Please restate the entries verbatim. The copy should hold no pictures.

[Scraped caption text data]
◇ ◇ ◇ ◇ ◇

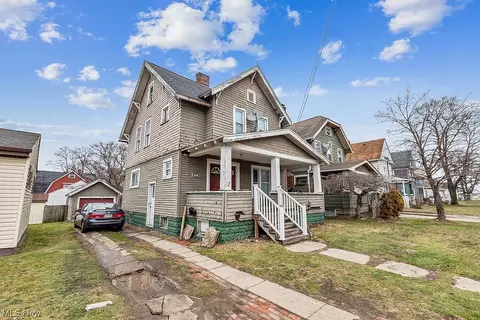 1351 W Prospect, Ashtabula, OH 44004 photo 3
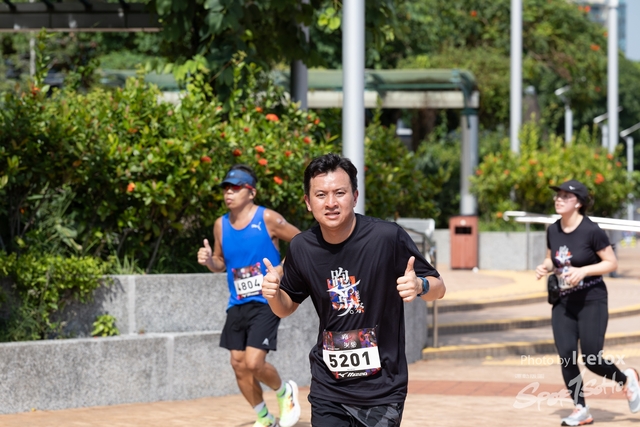 241006_Mizuno_2G-632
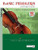 Basic Fiddlers Philharmonic: Celtic Fiddle Tunes [Alf:00-33402]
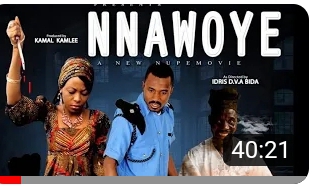 Download Nupe Movies 2022 - Nnawoye Part 1, Download Nupe Movies 2022, Nupe Movies series, Download Nupe film, Nupe Movies, prince Mk songs download, prince Mk Nupe song, prince Mk 2022, Dj Zubis songs, Dj Zubis music, dj zubis audio song download, dj zubis 2022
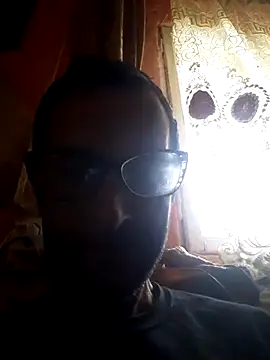 Danel112223 – webcam-show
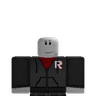 Balderman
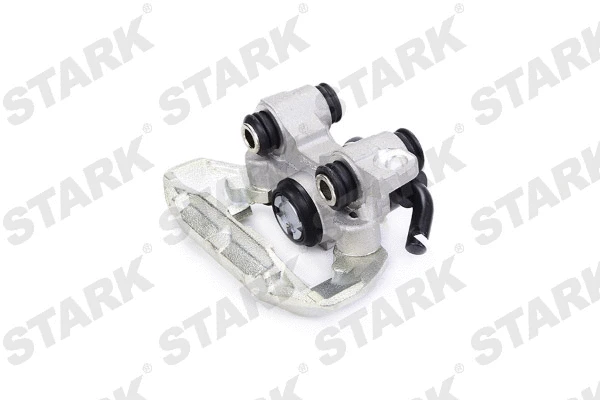 Étrier de frein Stark SKBC-0460142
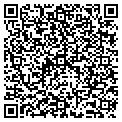 QR code with M Vm Associates contacts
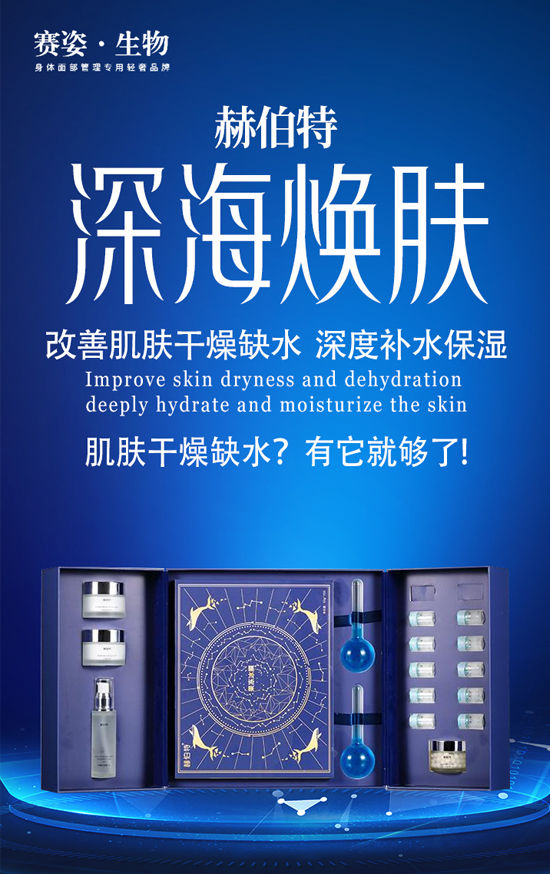 �V��ِ������ף������옷(l��)���������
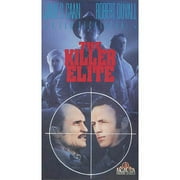 Killer Elite, The (Full Frame)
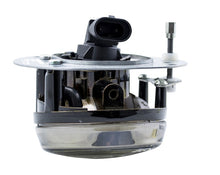 画像をギャラリービューアに読み込む, Hella 2017-2019 Audi Q7 Halogen Headlight Assembly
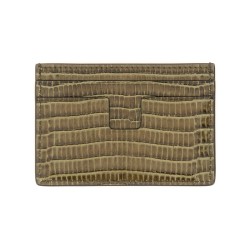 T LINE CARD HOLDER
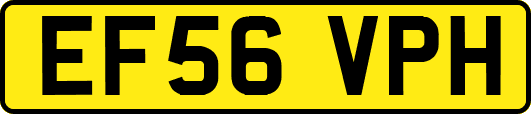 EF56VPH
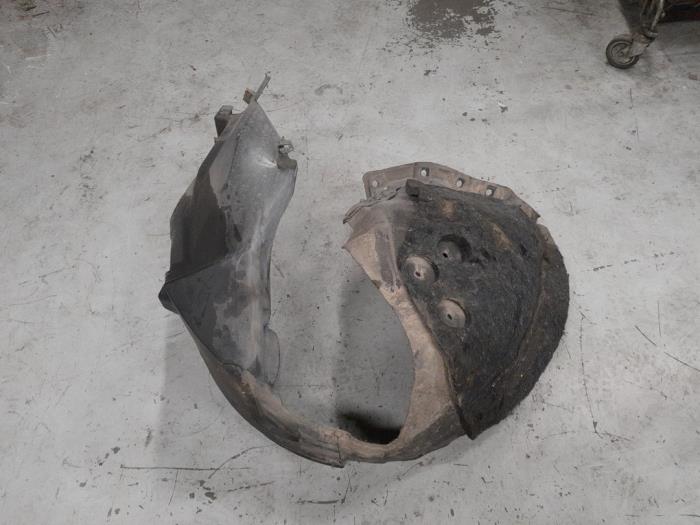 Alfa Romeo Stelvio Wielkuip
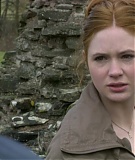 DoctorWho_5x07_AmysChoice_0223.jpg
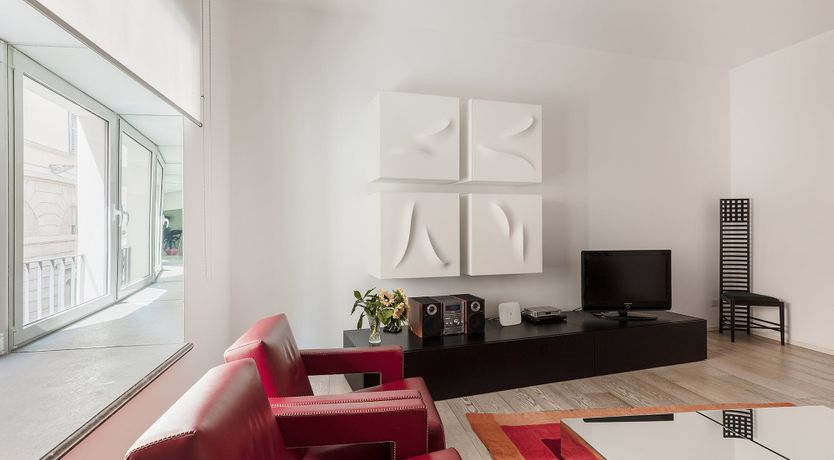 Photo of Aria Fresca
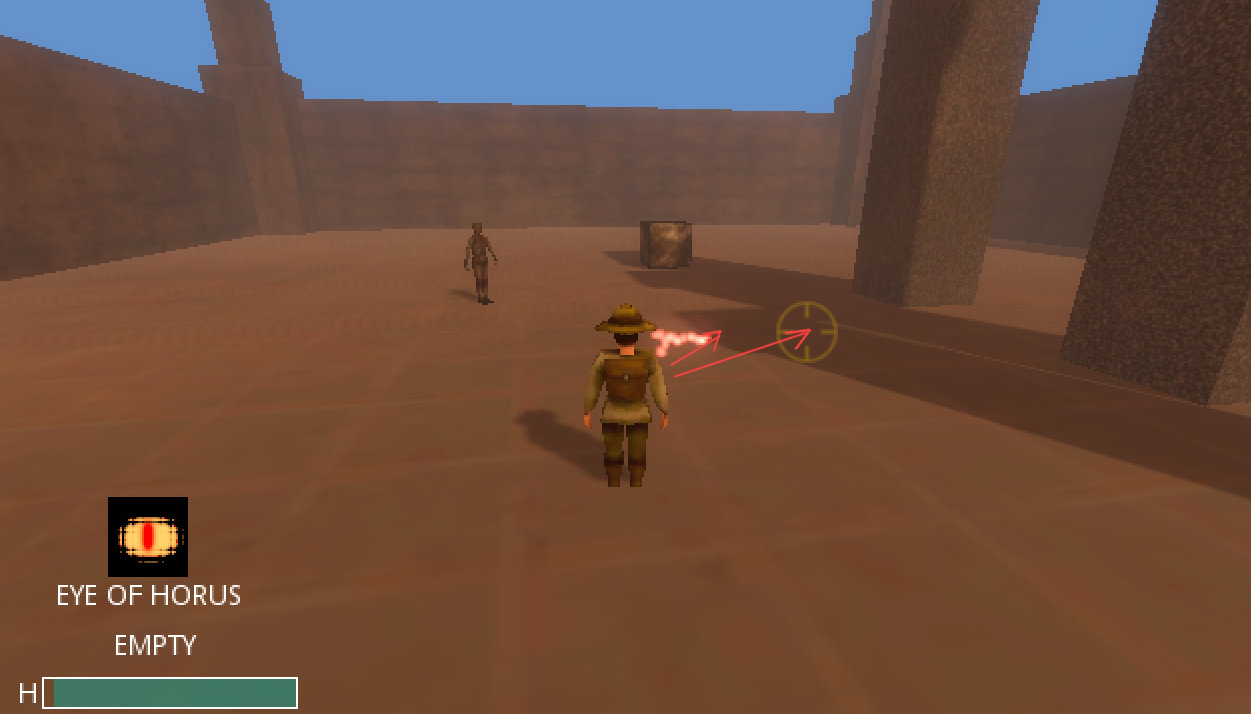 mouse-shooting.jpg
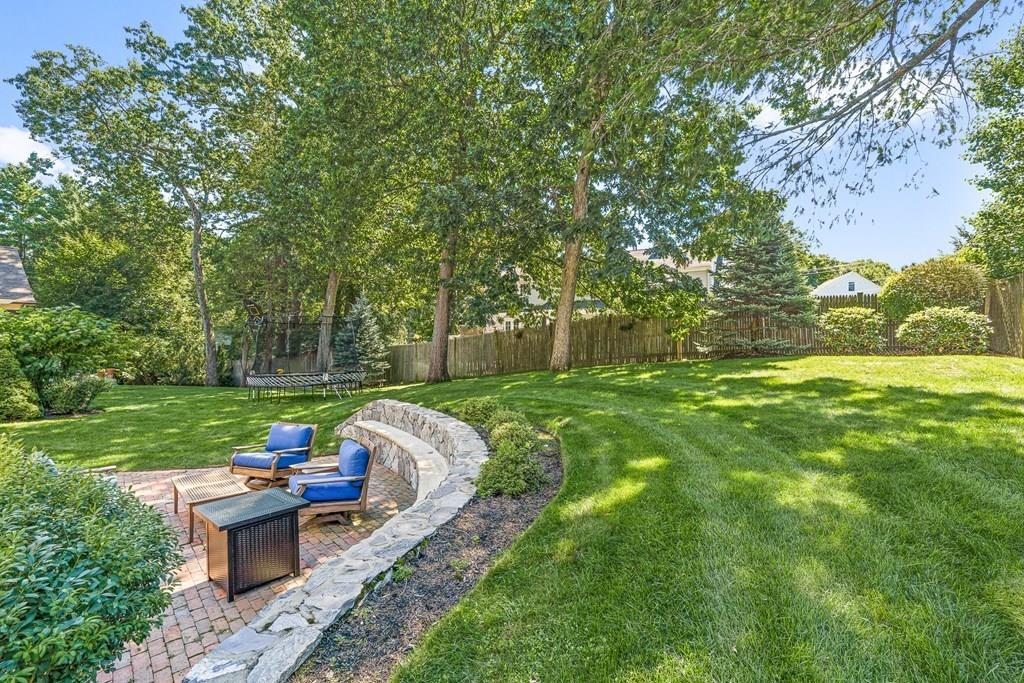 79 Lawson Road Winchester, MA 01890 - Photo 37 of 42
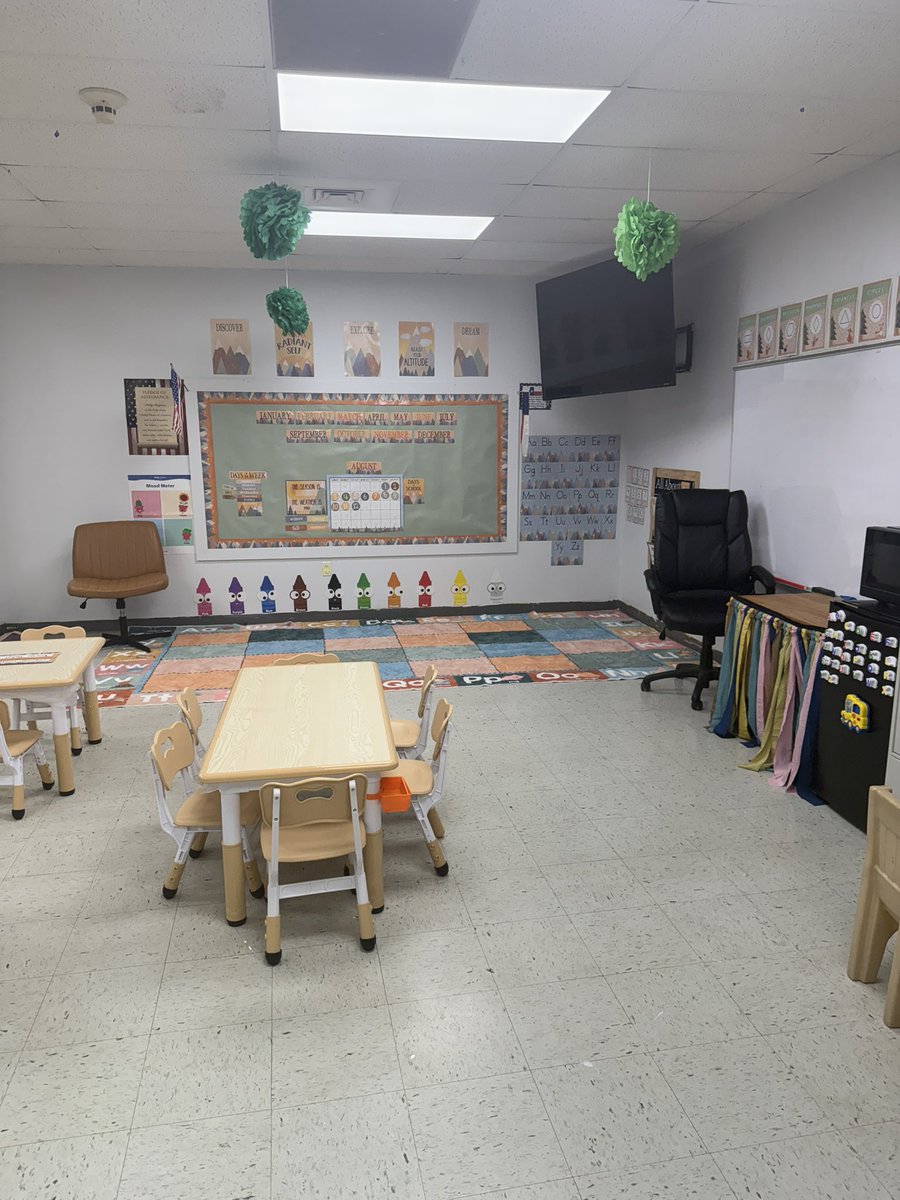Amanda taylor (@amandatayl9731) on Twitter photo Pre-K teacher from Texas. I hope to someone will help with my list today. I am thankful for the help. I know it can happen. I want my littles to have a great year. <a href="/JohnCena/">John Cena</a> <a href="/JohnLegere/">John Legere</a> <a href="/SellPhones4/">EB</a> <a href="/JellyRoll615/">Jelly Roll</a> #SupportTeachers amazon.com/hz/wishlist/ls… Pre-K teacher from Texas. I hope to someone will help with my list today. I am thankful for the help. I know it can happen. I want my littles to have a great year. <a href="/JohnCena/">John Cena</a> <a href="/JohnLegere/">John Legere</a> <a href="/SellPhones4/">EB</a> <a href="/JellyRoll615/">Jelly Roll</a> #SupportTeachers amazon.com/hz/wishlist/ls…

◇ ◇ ◇ ◇ ◇

• **EXERCISE RESPONSE**:
 1351 W Prospect, Ashtabula, OH 44004 photo 3
 241006_Mizuno_2G-632
 Basic Fiddlers Philharmonic: Celtic Fiddle Tunes [Alf:00-33402]
 Download Nupe Movies 2022 - Nnawoye Part 1, Download Nupe Movies 2022, Nupe Movies series, Download Nupe film, Nupe Movies, prince Mk songs download, prince Mk Nupe song, prince Mk 2022, Dj Zubis songs, Dj Zubis music, dj zubis audio song download, dj zubis 2022
 Danel112223 – webcam-show
 Balderman
 Étrier de frein Stark SKBC-0460142
 QR code with M Vm Associates contacts
 �V��ِ������ף������옷(l��)���������
 Killer Elite, The (Full Frame)
 画像をギャラリービューアに読み込む, Hella 2017-2019 Audi Q7 Halogen Headlight Assembly
 T LINE CARD HOLDER
 EF56VPH
 Alfa Romeo Stelvio Wielkuip
 DoctorWho_5x07_AmysChoice_0223.jpg
 Photo of Aria Fresca
 mouse-shooting.jpg
 79 Lawson Road Winchester, MA 01890 - Photo 37 of 42
Amanda taylor (@amandatayl9731) on Twitter photo Pre-K teacher from Texas. I hope to someone will help with my list today. I am thankful for the help. I know it can happen. I want my littles to have a great year. <a href="/JohnCena/">John Cena</a> <a href="/JohnLegere/">John Legere</a> <a href="/SellPhones4/">EB</a> <a href="/JellyRoll615/">Jelly Roll</a> #SupportTeachers amazon.com/hz/wishlist/ls… Pre-K teacher from Texas. I hope to someone will help with my list today. I am thankful for the help. I know it can happen. I want my littles to have a great year. <a href="/JohnCena/">John Cena</a> <a href="/JohnLegere/">John Legere</a> <a href="/SellPhones4/">EB</a> <a href="/JellyRoll615/">Jelly Roll</a> #SupportTeachers amazon.com/hz/wishlist/ls…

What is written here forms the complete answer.